Mi misión comienza en una de estas casas, Shanti Dan, en donde más de
200 mujeres de edades diversas, con ayuda de las “Misioneras de la Caridad”,
luchan diariamente por encontrar la felicidad y superar sus horrores.
Discapacitadas, enfermas mentales, víctimas de abusos, malos tratos y quemadas
muchas de ellas con ácido, encuentran una caricia de Dios en medio de la
oscuridad que han vivido. Shanti Dan “Regalo de Paz” es un lugar en el que
olvidas todo el bullicio, estrés, suciedad y temores que te transmite la
ciudad. Su silencio y la paz que se respira en ella te hace entrar
verdaderamente en presencia de Dios, allí sí lo podías sentir.
Al llegar a Shanti Dan, te das cuenta de que no es fácil lanzarse a
ayudar a alguien en el que ves con tanta claridad como el dolor y la soledad
atacan sin piedad. El ser humano no está capacitado para llenar esos vacíos
y tristezas que ahogan los corazones de quienes no han conocido el Amor de
Dios. Cuando decidimos hacer una obra de misericordia y sentimos en nuestro
interior la llamada de dar de comer al hambriento, de vestir al desnudo o de
consolar al triste, no es solo un impulso humano que surge por querer asistir
al prójimo, en todos ellos está la acción del Espíritu Santo que nos anima y
nos susurra que nos entreguemos por y para nuestros hermanos. En un lugar de misión
como puede ser Calcuta, cuando ves la necesidad tan enorme de amor que tienen
estas personas y el abandono en el que viven día tras día dentro de una
realidad inalterable, llegas a tomar conciencia de que la única persona capaz
de darle ese amor que necesitan es Cristo. Nadie más puede llevar a su plenitud
un amor que llene los vacíos que sufren sus corazones y al mismo tiempo,
también diría, que pueda llenar los nuestros.
Al estar allí junto a ellas y en la multitud de circunstancias en las
que te va poniendo el Señor, aspiras y deseas ese amor que sabes que existe
pero que ni tan siquiera tú puedes llegar a tener. La necesidad de Dios es tan
grande que te hace estar continuamente en oración pidiendo de sus gracias y de
sus dones para poder ser mero instrumento suyo con cada una de estas almas. Es con la oración y a
través del trabajo ofrecido cuando ves como la acción de Dios va llegando poco
a poco a tu corazón, sintiendo como es Jesús quien trabaja, exhala y se
esfuerza contigo, animando y dándote siempre el consuelo que necesitas para así
transformar cada gesto, mirada y caricia como si fuese suya.
Fui a Calcuta con el anhelo de encontrarme con Cristo en el más pobre,
de experimentar su amor, pero el Señor me sorprendió con un regalo aún mayor.

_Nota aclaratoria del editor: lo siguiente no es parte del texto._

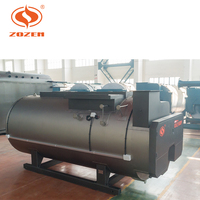 Caldera de Vapor Industrial Automática de 20 Toneladas, de Alta Eficiencia, a Gas, para Fábrica de Cigarrillos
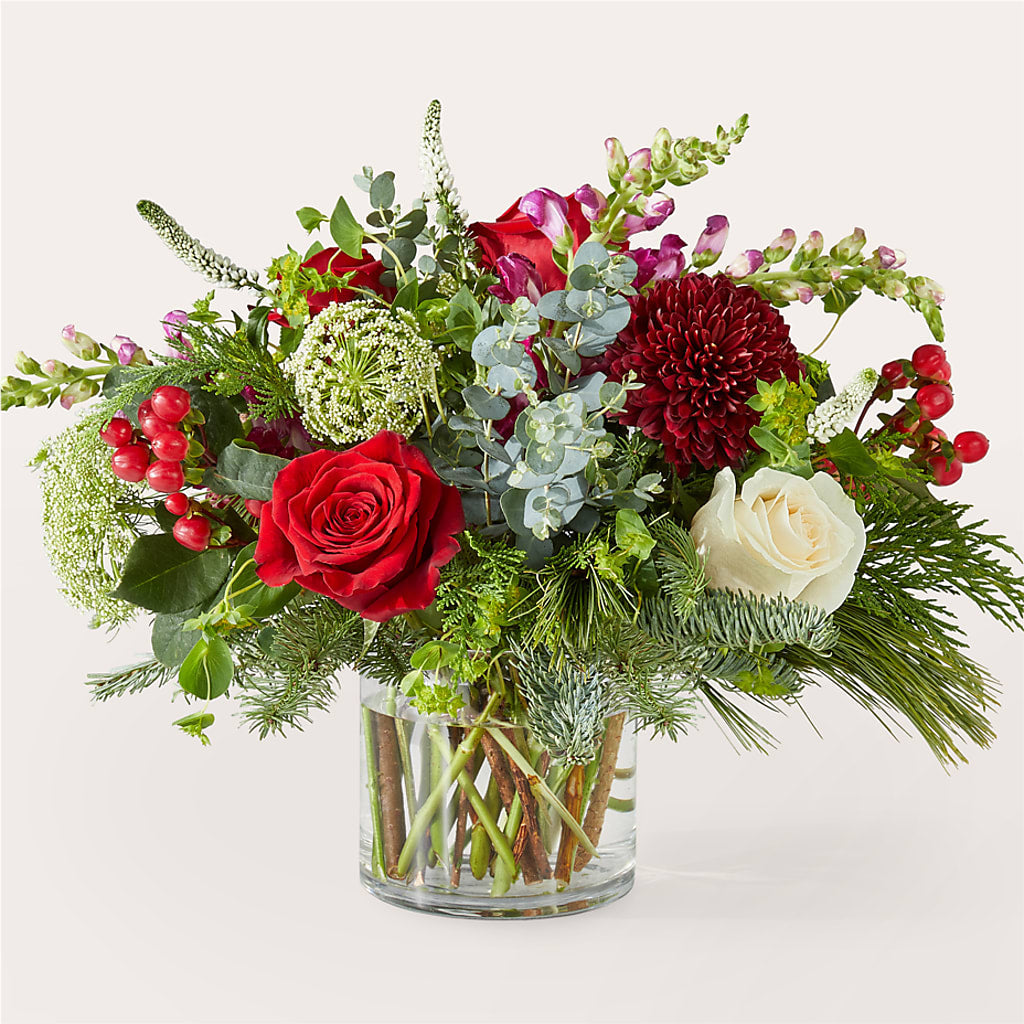 Cranberry Fizz Bouquet – Greater Fayetteville Flower Shop, Springdale AR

Me dio la oportunidad de conocer cómo es trabajar y amar con Jesús, actuando El
mismo en mí y a través de mí. Comprendí en ese momento el gran abismo que
existe cuando dejamos de vivir con Cristo a nuestro lado y la percepción que
llegamos a tener del mundo y de las circunstancias que nos rodean. El Señor lo
transforma todo.
Tener presencia de El a cada instante, de su poder y de su amor hace que
sea más fácil vaciarnos de nosotros mismos y de nuestro modo de hacer, dejando
de lado todos los miedos e inseguridades que nos impiden darnos por completo,
para que sea finalmente Cristo en nosotros quien lleve ese amor a los demás,
convirtiéndonos así, en verdaderos templos de Dios.
“Para que el amor sea verdadero, nos debe costar, nos debe doler, nos
debe vaciar de nosotros mismos.” Madre Teresa de Calcuta.